Written by Leslie Harris
The foolishness of state legislators when it comes to the Internet apparently knows no limits. After years of losing efforts to censor content online, a new evil has apparently been identified: anonymity. A Kentucky representative has filed a bill to make it illegal to post online without registering a real name, physical address, email address and including full name with all postings. The bill includes hefty fines for sites that permit anonymous speech. It would be easy to dismiss this bill as simply the uninformed effort of a not very Internet savvy legislator, but to do so misses the point. Anonymity on the Internet is under attack. Whether it was the provocative comment by Donald Kerr, the Principal Deputy Director of National Intelligence who famously declared last fall that “Protecting anonymity isn’t a fight that can be won,” or the zeal with which the nation’s state attorneys general have pursued age verification for social networking sites, the view that anonymous speech is dangerous speech has plainly taken hold.
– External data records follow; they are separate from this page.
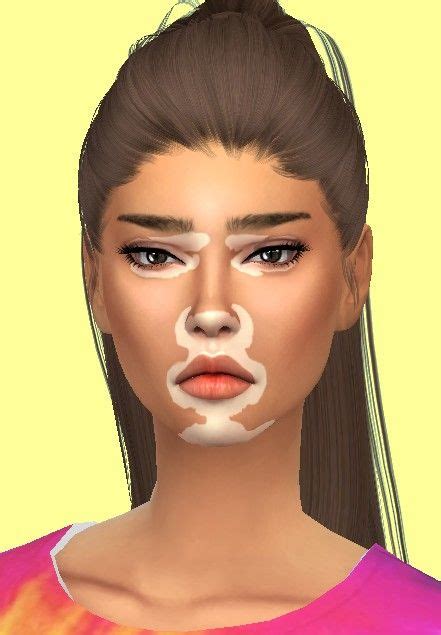 Vitiligo Overlay Click Photo For Download The Sims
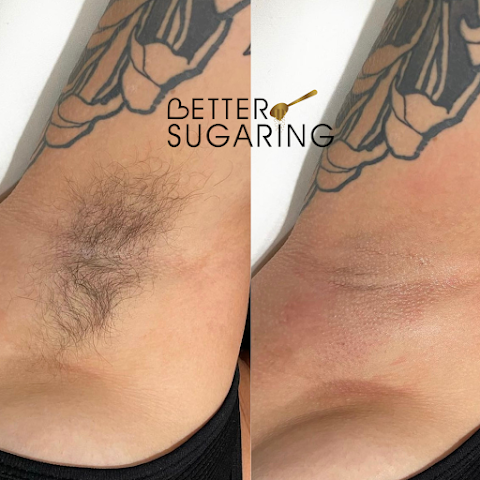 Better Sugaring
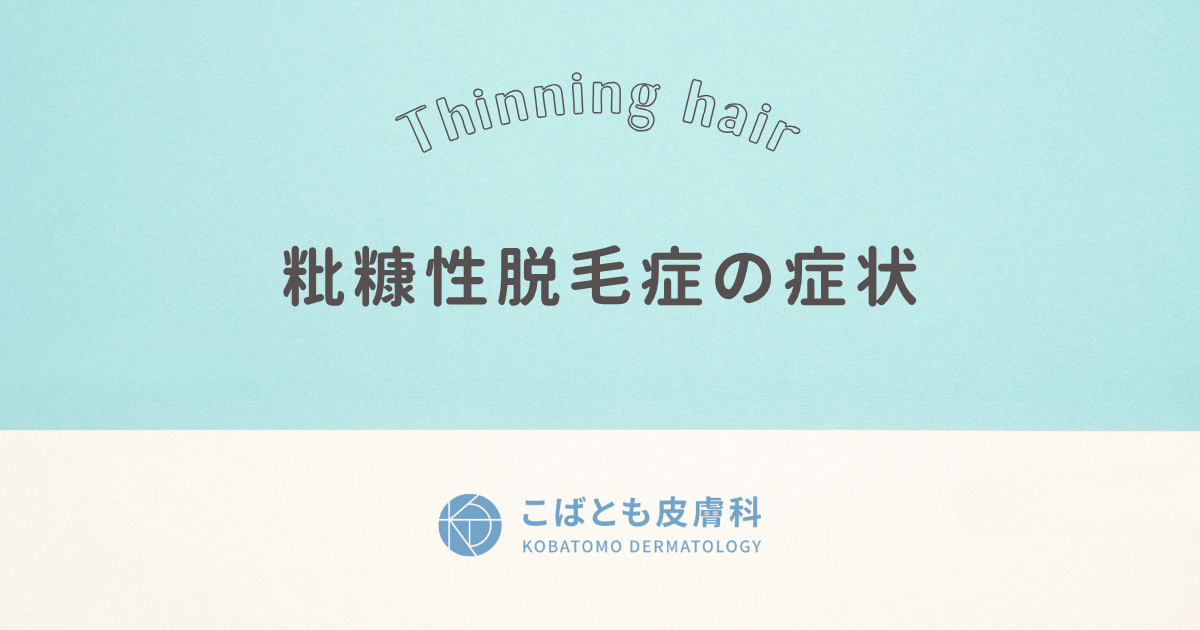 粃糠性脱毛症(ひこうせいだつもうしょう) の症状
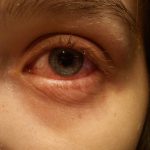 Воспаление оболочки глаза: причины, симптомы. Лечение воспаления радужной оболочки глаза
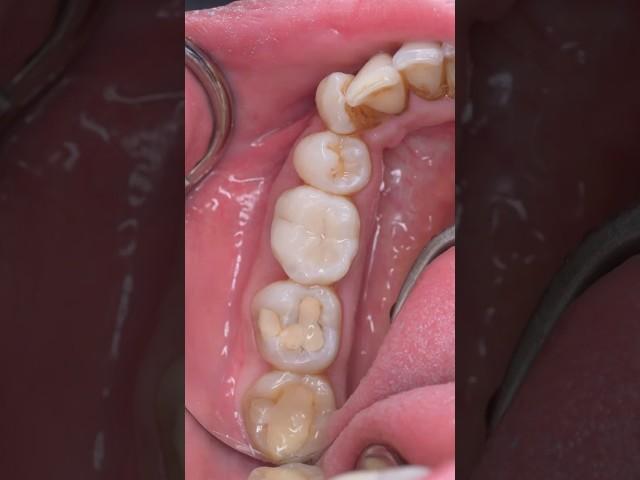 Same-day inlay or almost onlay restoration on an endo treated tooth #biomimetic #dentistry #dentist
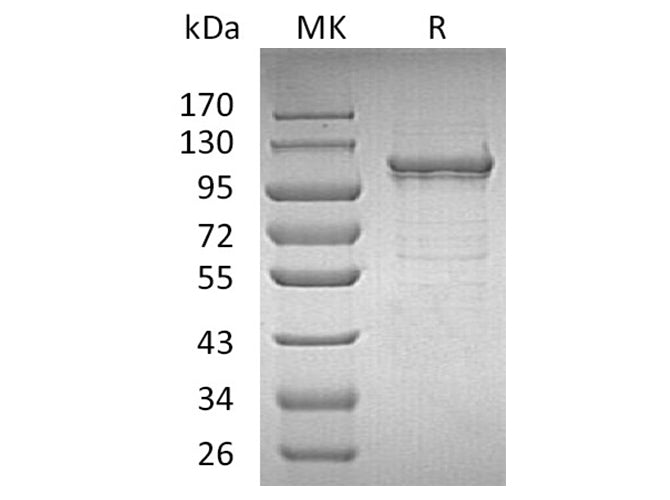 Recombinant Human IDE/Insulysin Protein (His Tag)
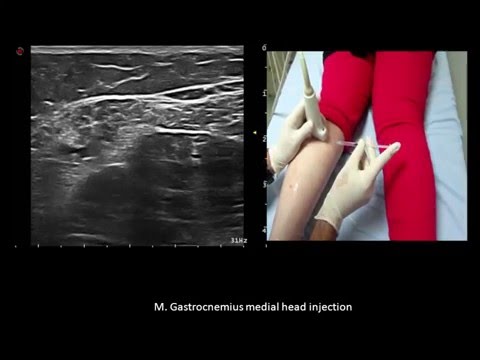 Ultrasound guided lower limb  botulinum toxin injections, by Murat Karkucak MD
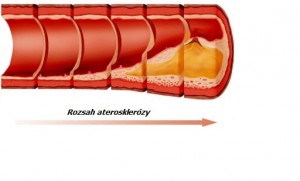 ateroskleroza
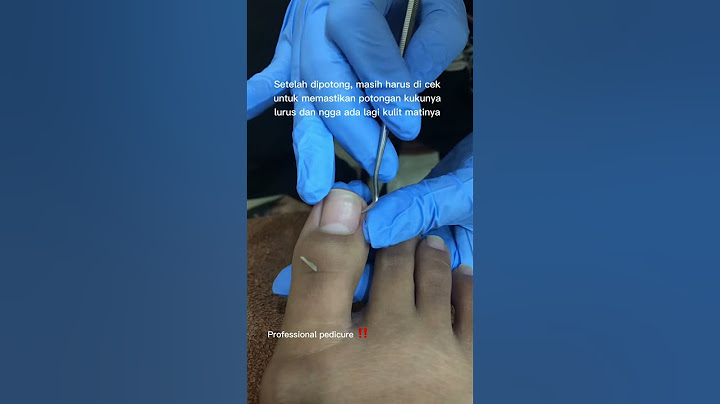 Kuku menusuk/kuku cantengan bikin gak nyaman #menipedi #pedicure #perawatan #salon #kuku 😱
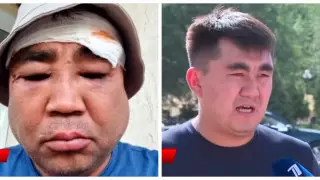 Бизнесмен обвинил депутата в жестоком избиении в Туркестанской области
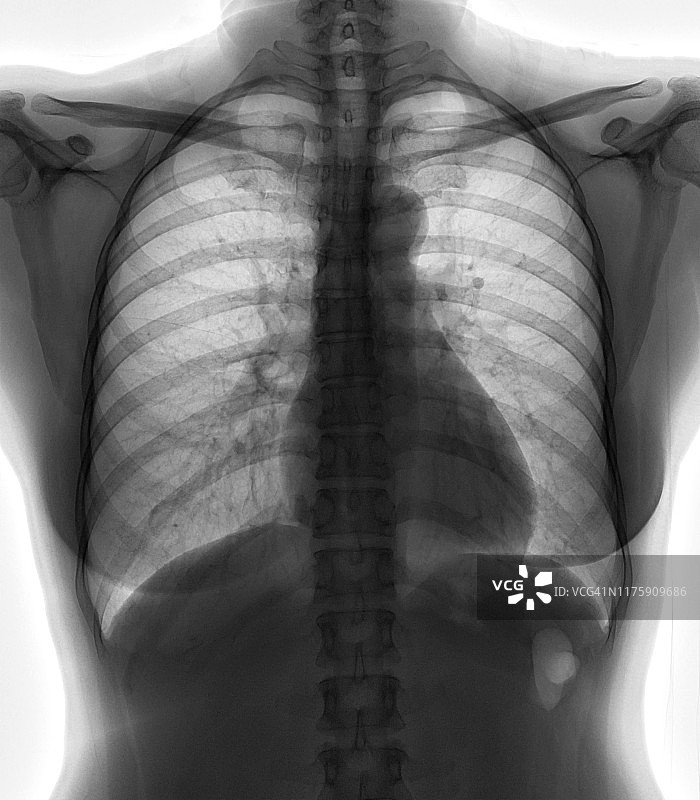 x线胸片胸部PA直立，肺正常。图片素材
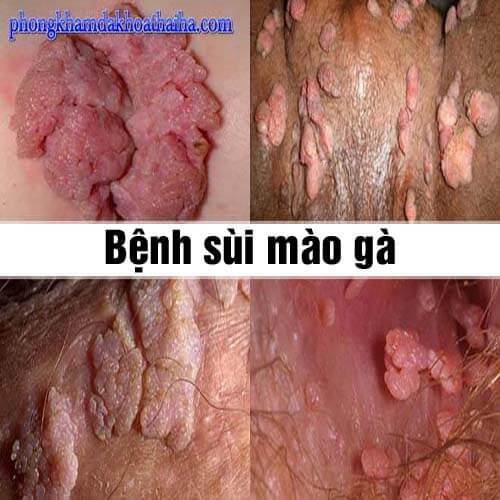 [Bệnh sùi mào gà là gì] Nguyên nhân, dấu hiệu và cách điều trị 2026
There are of course times even on the Internet where establishment of identity maybe important, but we seem to have forgotten the value of anonymous speech to our constitutional democracy. As the Supreme Court has made clear, “Anonymity is a shield from the tyranny of the majority.” McIntyre V Ohio Elections Commission (1995). Anonymity is what protects people from expressing an unpopular political view in a community where the majority holds vastly different political views and allows people to safely provide information about government misconduct. And for those living in repressive societies, anonymous speech is an enabler of human rights and political reform. If it was good enough for Publius, it should be good enough for the Internet. The proposed Kentucky law is particularly dangerous because it not only requires the unmasking of all speakers in all circumstances, it exposes their personal information to potentially millions of people, putting privacy at risk. And since it is the website, rather than the individual, who is on the hook for fines, it puts all Internet sites in the role of gatekeeper, exactly what Section 230 of the Communications Decency Act, 47 USC § 230 was intended to prevent. It’s no small feat to draft a law that is unconstitutional, clearly preempted by federal law and unenforceable. But many state legislatures are in session and it’s only Tuesday.